I'm writing a MIDlet using LWUIT and images seem to eat up incredible amounts of memory. All the images I use are PNGs and are packed inside the JAR file. I load them using the standard Image.createImage(URL) method. The application has a number of forms and each has a couple of labels an buttons, however I am fairly certain that only the active form is kept in memory (I know it isn't very trustworthy, but Runtime.freeMemory() seems to confirm this).
The application has worked well in 240x320 resolution, but moving it to 480x640 and using appropriately larger images for UI started causing out of memory errors to show up. What the application does, among other things, is download remote images. The application seems to work fine until it gets to this point. After downloading a couple of PNGs and returning to the main menu, the out of memory error is encountered. Naturally, I looked into the amount of memory the main menu uses and it was pretty shocking. It's just two labels with images and four buttons. Each button has three images used for style.setIcon, setPressedIcon and setRolloverIcon. Images range in size from 15 to 25KB but removing two of the three images used for every button (so 8 images in total), Runtime.freeMemory() showed a stunning 1MB decrease in memory usage.
The way I see it, I either have a whole lot of memory leaks (which I don't think I do, but memory leaks aren't exactly known to be easily tracked down), I am doing something terribly wrong with image handling or there's really no problem involved and I just need to scale down.
If anyone has any insight to offer, I would greatly appreciate it.
Mobile devices are usually very low on memory. So you have to use some tricks to conserve and use memory.
We had the same problem at a project of ours and we solved it like this.
for downloaded images:
Make a cache where you put your images. If you need an image, check if it is in the cachemap, if it isn't download it and put it there, if it is, use it. if memory is full, remove the oldest image in the cachemap and try again.
for other resource images:
keep them in memory only for as long as you can see them, if you can't see them, break the reference and the gc will do the cleanup for you.
Hope this helps.
There are a few things that might be happening here:
You might have seen the memory used before garbage collection, which doesn't correspond to the actual memory used by your app.
Some third party code you are running might be pooling some internal datastructures to minimize allocation. While pooling is a viable strategy, sometimes it does look like a leak. In that case, look if there is API to 'close' or 'dispose' the objects you don't need.

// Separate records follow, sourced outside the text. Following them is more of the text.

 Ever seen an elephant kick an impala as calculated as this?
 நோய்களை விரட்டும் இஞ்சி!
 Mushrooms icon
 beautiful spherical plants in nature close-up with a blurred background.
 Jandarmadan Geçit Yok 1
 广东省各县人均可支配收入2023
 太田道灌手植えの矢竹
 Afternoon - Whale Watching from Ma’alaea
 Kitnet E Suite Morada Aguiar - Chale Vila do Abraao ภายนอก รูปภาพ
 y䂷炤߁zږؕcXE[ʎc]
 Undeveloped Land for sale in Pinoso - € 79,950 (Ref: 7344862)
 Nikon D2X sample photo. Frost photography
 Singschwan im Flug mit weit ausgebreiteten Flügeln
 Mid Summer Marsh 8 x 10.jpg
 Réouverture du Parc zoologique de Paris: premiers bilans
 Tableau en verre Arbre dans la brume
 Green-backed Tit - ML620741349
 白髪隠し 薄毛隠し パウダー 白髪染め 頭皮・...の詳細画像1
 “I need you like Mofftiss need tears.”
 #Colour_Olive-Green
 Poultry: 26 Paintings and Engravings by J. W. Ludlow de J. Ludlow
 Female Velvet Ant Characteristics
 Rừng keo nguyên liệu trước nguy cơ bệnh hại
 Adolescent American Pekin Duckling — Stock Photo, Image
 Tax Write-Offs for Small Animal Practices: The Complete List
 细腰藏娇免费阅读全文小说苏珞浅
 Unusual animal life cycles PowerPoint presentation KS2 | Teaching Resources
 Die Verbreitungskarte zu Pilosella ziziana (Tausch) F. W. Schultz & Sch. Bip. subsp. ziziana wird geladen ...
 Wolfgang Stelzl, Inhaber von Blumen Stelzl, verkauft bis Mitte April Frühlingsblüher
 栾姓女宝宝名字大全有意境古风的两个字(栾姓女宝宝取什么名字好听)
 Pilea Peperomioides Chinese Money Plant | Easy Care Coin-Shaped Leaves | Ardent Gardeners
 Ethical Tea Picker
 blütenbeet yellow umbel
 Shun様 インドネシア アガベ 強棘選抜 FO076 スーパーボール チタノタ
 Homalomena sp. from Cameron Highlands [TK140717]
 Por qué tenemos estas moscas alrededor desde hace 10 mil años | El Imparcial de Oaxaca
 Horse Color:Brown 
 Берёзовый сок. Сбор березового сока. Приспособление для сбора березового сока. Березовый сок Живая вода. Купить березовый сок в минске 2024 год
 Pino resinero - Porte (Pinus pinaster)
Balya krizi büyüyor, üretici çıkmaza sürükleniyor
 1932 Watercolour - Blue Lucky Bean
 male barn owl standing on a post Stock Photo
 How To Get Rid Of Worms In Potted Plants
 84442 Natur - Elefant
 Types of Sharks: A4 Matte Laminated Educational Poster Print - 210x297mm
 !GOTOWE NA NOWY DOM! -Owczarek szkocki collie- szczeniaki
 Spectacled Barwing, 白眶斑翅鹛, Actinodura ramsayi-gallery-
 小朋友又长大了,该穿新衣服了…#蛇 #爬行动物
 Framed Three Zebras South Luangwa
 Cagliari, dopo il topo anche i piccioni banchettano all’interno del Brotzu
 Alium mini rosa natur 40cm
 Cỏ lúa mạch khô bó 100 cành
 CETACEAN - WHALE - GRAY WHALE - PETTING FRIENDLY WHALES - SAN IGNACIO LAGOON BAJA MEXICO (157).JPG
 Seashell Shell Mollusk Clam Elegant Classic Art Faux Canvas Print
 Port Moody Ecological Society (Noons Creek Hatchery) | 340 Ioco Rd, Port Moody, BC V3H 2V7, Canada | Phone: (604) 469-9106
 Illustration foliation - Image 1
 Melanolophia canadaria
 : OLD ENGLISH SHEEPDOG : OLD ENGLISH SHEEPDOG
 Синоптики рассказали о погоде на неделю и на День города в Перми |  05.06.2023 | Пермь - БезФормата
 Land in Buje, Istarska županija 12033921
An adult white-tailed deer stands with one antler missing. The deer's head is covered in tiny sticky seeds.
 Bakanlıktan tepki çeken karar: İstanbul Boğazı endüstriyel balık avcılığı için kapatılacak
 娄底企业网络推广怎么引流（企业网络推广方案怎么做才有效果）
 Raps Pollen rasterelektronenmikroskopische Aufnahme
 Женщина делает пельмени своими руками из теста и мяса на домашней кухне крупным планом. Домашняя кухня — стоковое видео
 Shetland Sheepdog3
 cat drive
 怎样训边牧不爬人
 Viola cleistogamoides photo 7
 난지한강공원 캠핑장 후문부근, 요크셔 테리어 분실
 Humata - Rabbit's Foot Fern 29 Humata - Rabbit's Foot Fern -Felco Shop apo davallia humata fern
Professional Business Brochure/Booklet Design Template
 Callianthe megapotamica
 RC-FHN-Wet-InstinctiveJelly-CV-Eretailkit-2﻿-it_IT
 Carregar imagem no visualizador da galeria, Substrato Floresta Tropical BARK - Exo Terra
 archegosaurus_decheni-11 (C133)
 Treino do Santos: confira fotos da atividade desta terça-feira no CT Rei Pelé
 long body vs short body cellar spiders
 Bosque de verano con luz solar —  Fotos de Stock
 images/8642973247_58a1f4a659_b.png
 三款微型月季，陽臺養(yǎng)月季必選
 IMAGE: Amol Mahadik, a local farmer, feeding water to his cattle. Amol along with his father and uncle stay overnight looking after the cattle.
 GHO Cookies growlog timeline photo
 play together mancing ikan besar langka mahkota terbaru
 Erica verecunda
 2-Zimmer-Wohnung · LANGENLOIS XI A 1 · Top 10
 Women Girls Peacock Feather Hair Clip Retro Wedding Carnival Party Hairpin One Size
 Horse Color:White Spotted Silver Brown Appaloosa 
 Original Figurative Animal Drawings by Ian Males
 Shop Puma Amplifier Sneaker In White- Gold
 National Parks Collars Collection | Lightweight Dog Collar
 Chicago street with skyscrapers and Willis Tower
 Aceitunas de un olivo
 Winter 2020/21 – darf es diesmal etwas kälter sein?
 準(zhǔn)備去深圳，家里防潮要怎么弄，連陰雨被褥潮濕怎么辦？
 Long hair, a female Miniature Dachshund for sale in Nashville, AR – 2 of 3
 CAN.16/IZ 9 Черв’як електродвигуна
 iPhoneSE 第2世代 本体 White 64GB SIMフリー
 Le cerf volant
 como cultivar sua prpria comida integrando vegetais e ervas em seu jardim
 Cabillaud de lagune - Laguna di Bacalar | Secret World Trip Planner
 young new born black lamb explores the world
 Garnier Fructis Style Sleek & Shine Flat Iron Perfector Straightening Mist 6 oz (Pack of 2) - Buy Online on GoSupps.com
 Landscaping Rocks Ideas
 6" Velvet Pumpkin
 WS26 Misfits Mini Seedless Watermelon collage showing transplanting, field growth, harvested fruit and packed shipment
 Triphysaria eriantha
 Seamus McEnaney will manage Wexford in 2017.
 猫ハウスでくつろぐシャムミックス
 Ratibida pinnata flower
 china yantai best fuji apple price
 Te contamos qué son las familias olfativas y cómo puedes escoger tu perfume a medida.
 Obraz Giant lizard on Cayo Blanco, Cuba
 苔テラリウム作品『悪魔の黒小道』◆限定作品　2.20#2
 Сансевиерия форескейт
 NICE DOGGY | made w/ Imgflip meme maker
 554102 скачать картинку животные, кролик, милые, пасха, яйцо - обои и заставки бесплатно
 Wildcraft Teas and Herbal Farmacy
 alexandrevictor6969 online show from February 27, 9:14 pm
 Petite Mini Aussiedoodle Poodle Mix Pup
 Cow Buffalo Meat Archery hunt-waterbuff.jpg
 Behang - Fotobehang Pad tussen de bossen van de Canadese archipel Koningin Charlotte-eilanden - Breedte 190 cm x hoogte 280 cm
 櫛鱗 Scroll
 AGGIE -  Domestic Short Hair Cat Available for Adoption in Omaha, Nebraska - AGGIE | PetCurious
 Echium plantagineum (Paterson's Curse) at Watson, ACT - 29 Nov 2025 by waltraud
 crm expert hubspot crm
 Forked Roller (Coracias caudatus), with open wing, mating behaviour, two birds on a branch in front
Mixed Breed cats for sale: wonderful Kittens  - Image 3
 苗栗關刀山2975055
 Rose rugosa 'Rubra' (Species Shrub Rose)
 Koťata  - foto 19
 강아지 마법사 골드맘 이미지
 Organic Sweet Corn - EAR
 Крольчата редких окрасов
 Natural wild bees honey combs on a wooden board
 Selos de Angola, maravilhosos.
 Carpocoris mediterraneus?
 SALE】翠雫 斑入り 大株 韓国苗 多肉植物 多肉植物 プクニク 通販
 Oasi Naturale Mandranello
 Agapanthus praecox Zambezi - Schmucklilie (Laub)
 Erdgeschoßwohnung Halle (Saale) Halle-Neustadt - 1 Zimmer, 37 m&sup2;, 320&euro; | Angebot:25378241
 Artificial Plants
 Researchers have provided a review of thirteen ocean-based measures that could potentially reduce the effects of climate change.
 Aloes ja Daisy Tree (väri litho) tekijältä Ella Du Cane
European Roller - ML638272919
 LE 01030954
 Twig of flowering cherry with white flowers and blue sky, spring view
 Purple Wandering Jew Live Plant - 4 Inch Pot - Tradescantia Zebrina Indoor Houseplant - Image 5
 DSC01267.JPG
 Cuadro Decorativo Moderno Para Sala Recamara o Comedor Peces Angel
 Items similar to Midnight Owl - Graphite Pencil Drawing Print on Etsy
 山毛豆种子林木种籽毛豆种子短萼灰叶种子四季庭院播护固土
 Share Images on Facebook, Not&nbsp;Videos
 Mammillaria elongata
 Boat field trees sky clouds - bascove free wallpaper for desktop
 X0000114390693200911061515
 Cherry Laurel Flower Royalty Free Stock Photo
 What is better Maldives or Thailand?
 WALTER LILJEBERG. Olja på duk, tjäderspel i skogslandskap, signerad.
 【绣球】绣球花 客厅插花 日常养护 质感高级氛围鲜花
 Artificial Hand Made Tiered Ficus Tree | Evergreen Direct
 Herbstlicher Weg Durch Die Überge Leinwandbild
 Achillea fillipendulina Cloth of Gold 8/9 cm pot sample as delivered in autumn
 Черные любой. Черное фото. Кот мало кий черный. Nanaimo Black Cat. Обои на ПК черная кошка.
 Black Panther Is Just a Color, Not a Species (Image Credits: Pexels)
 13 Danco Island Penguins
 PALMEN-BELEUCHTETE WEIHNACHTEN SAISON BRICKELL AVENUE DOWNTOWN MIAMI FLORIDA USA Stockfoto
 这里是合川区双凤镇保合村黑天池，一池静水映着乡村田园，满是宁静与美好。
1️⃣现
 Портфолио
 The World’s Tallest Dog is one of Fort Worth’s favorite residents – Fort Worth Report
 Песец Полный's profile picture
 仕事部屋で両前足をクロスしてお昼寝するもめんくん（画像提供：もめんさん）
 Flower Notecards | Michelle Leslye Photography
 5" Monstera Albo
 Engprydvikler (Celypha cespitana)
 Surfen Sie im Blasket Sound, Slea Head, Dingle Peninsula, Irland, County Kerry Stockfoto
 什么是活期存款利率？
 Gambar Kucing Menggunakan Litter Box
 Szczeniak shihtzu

Finally, you might really have a leak. In this case you need to get more details on what's going on in the emulator VM (though keep in mind that it is not necessarily the same as the phone VM).
Make sure that your emulator uses JRE 1.6 as backing JVM. If you need it to use the runtime libraries from erlyer JDK, use -Xbootclasspath:<path-to-rt.jar>.
Then, after your application gets in the state you want to see, do %JAVA_HOME%\bin\jmap -dump:format=b,file=heap.bin <pid> (if you don't know the id of your process, use jps)
Now you've got a dump of the JVM heap. You can analyze it with jhat (comes with the JDK, a bit difficult to use) or some third party profilers (my preference is YourKit - it's commercial, but they have time-limited eval licenses)
I had a similar problem with LWUIT at Java DTV. Did you try flushing the images when you don't need them anymore (getAWTImage().flush())?
Use EncodedImage and resource files when possible (resource files use EncodedImage by default. Read the javadoc for such. Other comments are also correct that you need to actually observe the amount of memory, even high RAM Android/iOS devices run out of memory pretty fast with multiple images.
Avoid scaling which effectively eliminates the EncodedImage.
Did you think of the fact, that maybe loading the same image from JAR, many times, is causing many separate image objects (with identical contents) to be created instead of reusing one instance per-individual-image? This is my first guess.